For this example you’ll use the the U.S. Coins Dataset from RoboFlow with the dataset in YOLOv5 format.


Import the Dataset 

Utilize the Roboflow library to import the dataset:

from roboflow import Roboflow

rf = Roboflow(api_key="your_api_key")
project = rf.workspace("your_workspace").project("u.s.-coins-dataset")
dataset = project.version(5).download("yolov5")

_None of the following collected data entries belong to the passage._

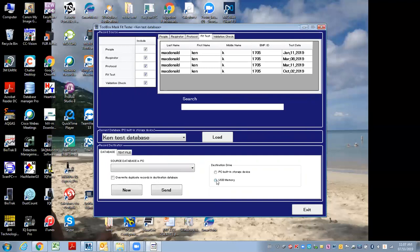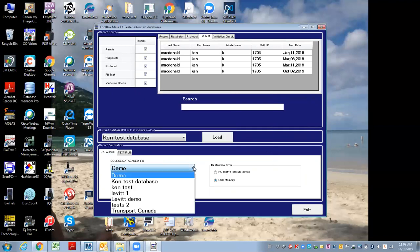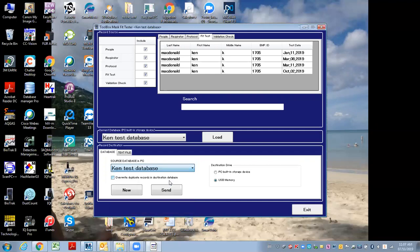I would first choose to create a USB memory stick. When I click that, it shows me what USBs are attached. So I choose this one — I've got that plugged in. I select it, exit back out, and I choose which database I want to export to that flash drive.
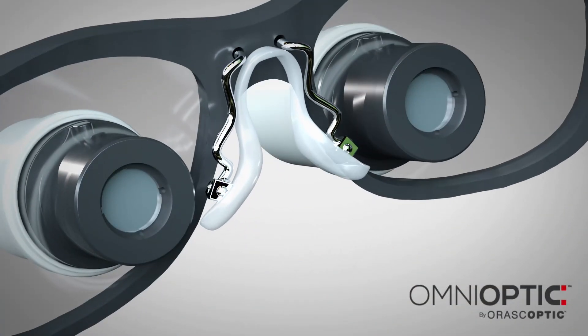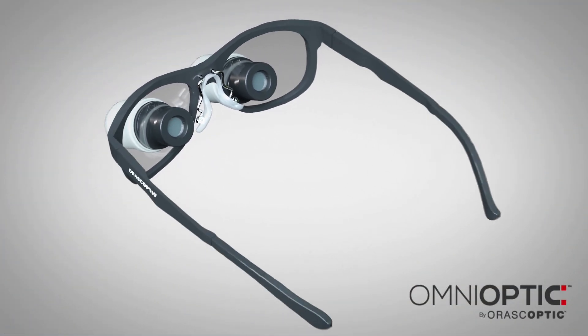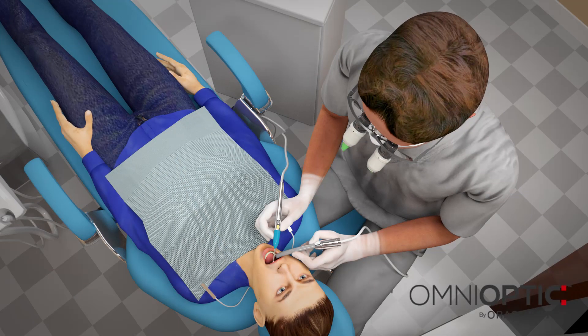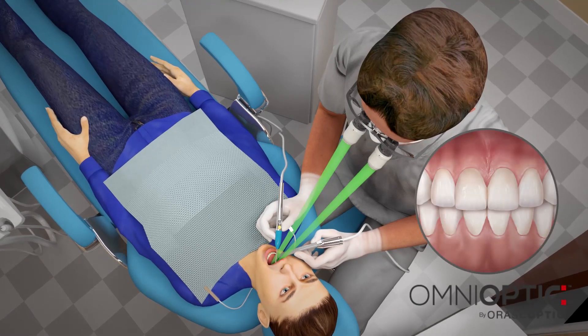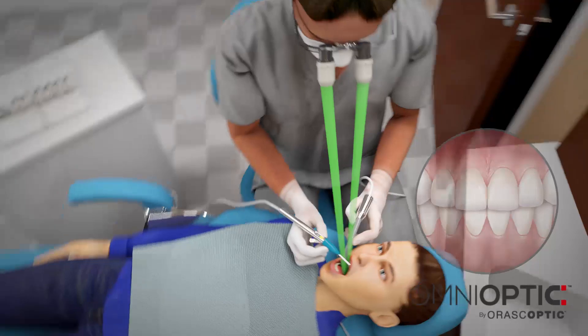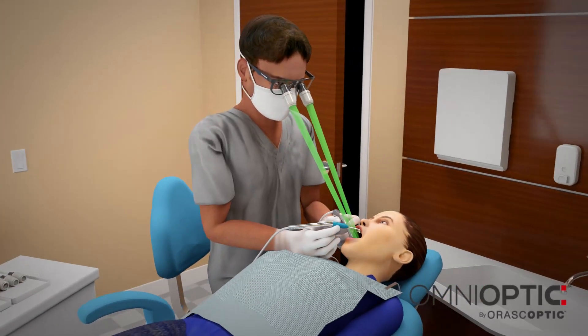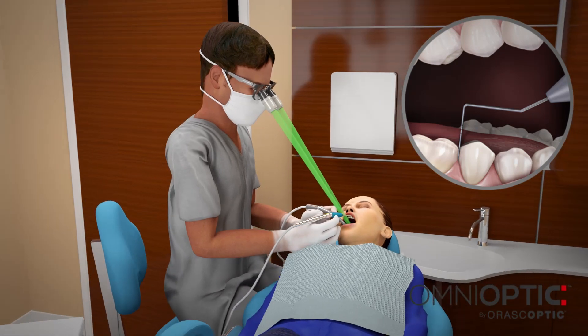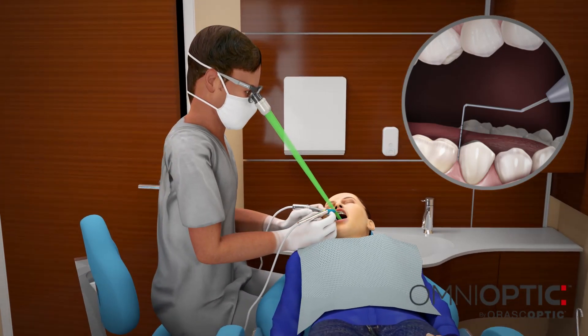Adjustable nose pad and temple tips provide customizable comfort. Omnioptic delivers a crisp image with edge-to-edge clarity and an optimal field width and depth for any healthcare professional. An individually customized working distance and steep declination angle may help reduce head tilt and improve overall ergonomics.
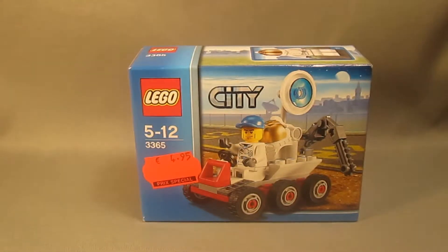Hello everybody, it's me, Legomatron Fanate 3, coming at you with another LEGO City review. Today we'll be taking a look at the Space Moon Buggy, set 3365.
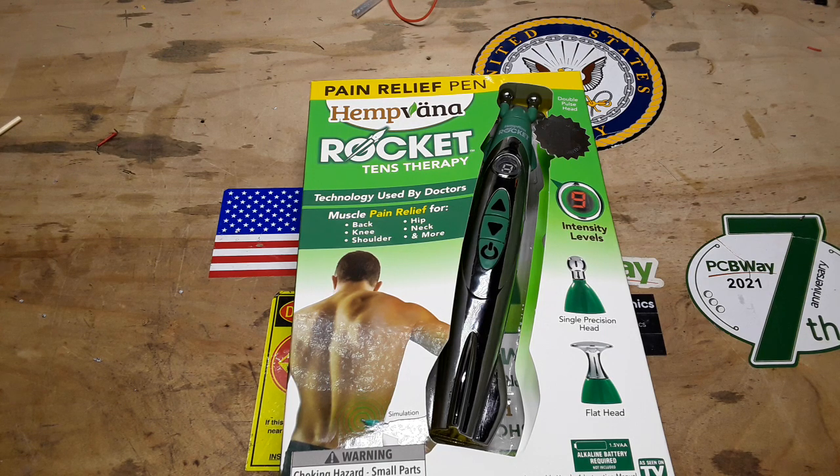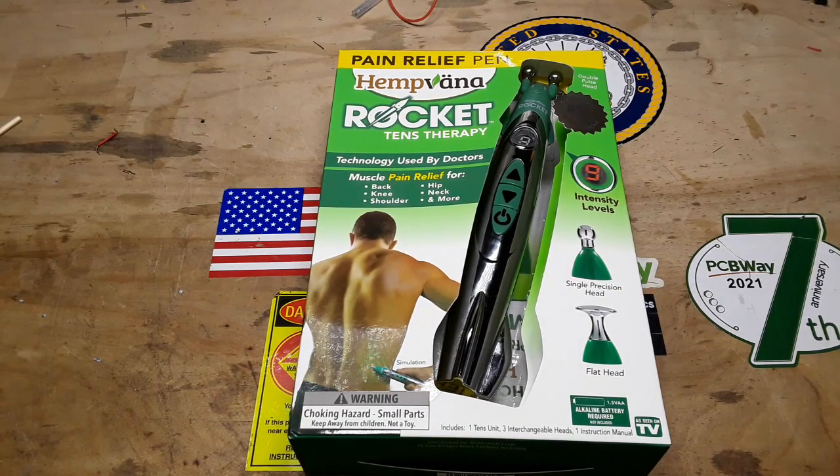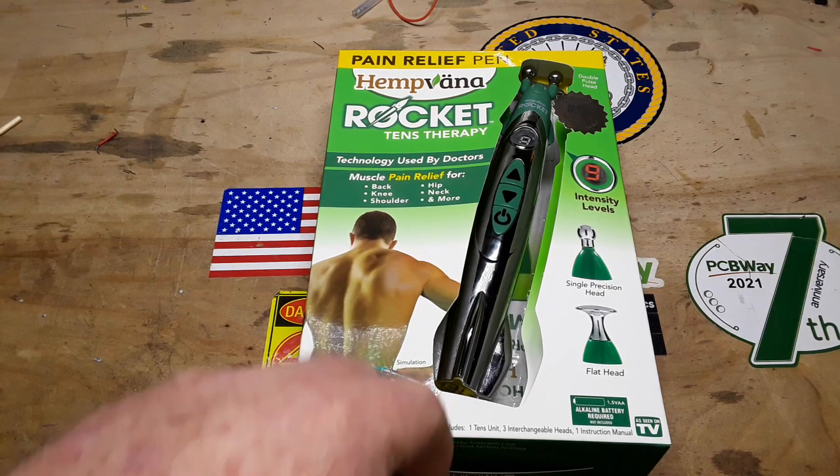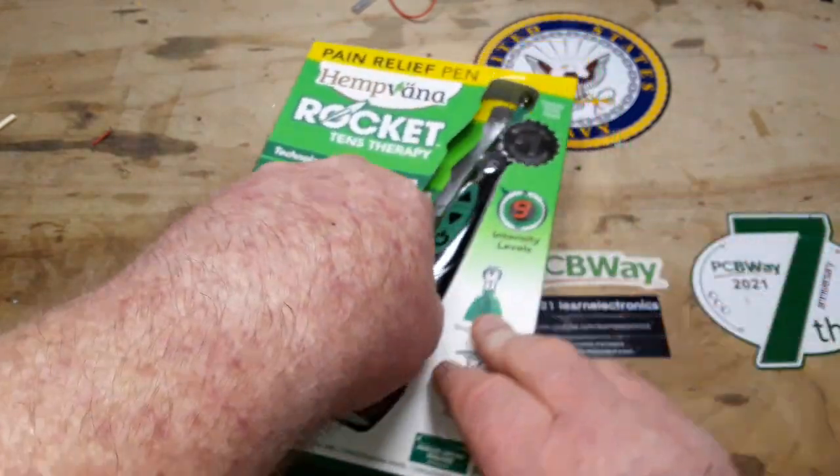So I was at Walgreens yesterday looking through their 'As Seen on TV' aisle and I came across this. I thought, oh, this will be fun — it'd be like a very low-powered stun gun I can use to zap Blake with. It was cheap, under 20 bucks, so I bought it. What the heck, have some fun with it.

Configure the Dataset Parameters

When preparing your dataset for training with SuperGradients, it’s crucial to define and organize your dataset parameters effectively. This involves creating a dictionary in Python that outlines key elements of your dataset’s structure:

  • Parent Directory Path: Specify the path to the main directory where your dataset resides. This is your dataset’s root folder, containing all the data files.
  • Child Directories for Dataset Segments: Clearly define the names of the subdirectories for different parts of your dataset:
    • Training Data: Include paths to both the images and labels for training.
    • Validation Data: Similarly, specify paths for validation images and labels.
    • Testing Data (optional): If you have a separate testing set, provide paths for the test images and labels.
  • Class Names: List out the names of the classes your model will be detecting. 

Here’s a concise way to encapsulate this information in your code:

dataset_params = {
   'data_dir':'/content/U.S.-Coins-Dataset---A.Tatham-5',
   'train_images_dir':'train/images',
   'train_labels_dir':'train/labels',
   'val_images_dir':'valid/images',
   'val_labels_dir':'valid/labels',
   'test_images_dir':'test/images',
   'test_labels_dir':'test/labels',
   'classes': ['Dime', 'Nickel', 'Penny', 'Quarter']}


Set up Dataloaders

SuperGradients provides ready-to-use dataloaders for the datasets it supports. Import required modules for SuperGradients dataloaders.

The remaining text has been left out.